Records for this exercise>
_ _ _ _

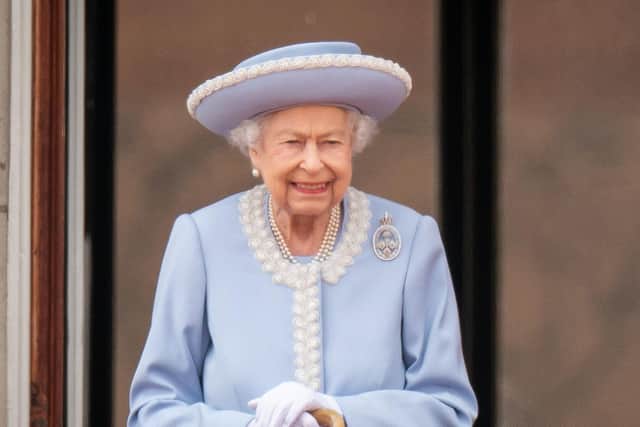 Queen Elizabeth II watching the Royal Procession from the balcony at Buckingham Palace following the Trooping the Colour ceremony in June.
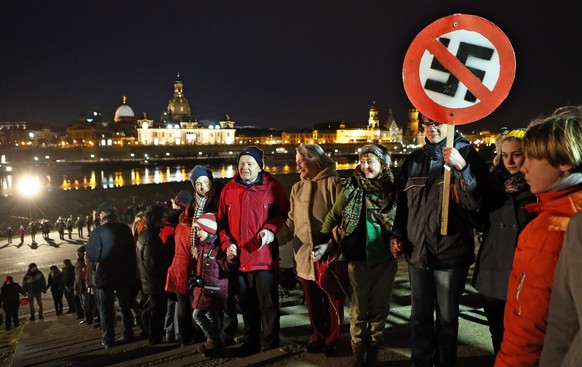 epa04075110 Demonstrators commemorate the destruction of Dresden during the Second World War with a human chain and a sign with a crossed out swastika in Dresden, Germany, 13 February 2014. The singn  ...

_ _ _ _

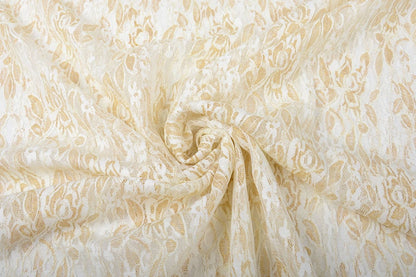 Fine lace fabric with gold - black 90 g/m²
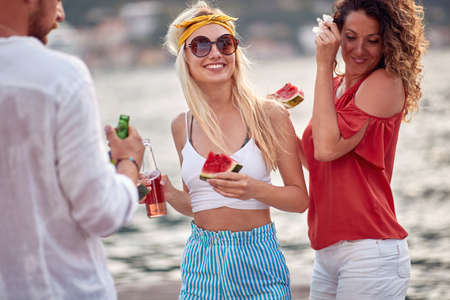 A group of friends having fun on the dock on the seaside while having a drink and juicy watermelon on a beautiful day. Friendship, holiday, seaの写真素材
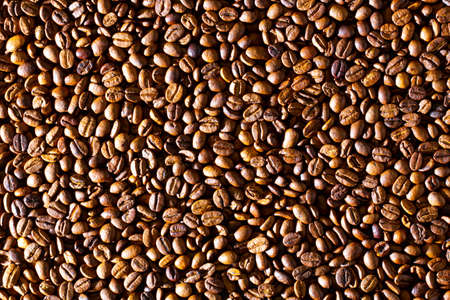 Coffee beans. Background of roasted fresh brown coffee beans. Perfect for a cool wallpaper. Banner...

_ _ _ _

Your reply should consist solely of the lines above from the line containing "Fine lace fabric with gold - black 90 g/m²" up to and including the line containing "Coffee beans. Background", reproduced exactly, minus the pictures.

 Fine lace fabric with gold - black 90 g/m²
 A group of friends having fun on the dock on the seaside while having a drink and juicy watermelon on a beautiful day. Friendship, holiday, seaの写真素材
 Coffee beans. Background of roasted fresh brown coffee beans. Perfect for a cool wallpaper. Banner...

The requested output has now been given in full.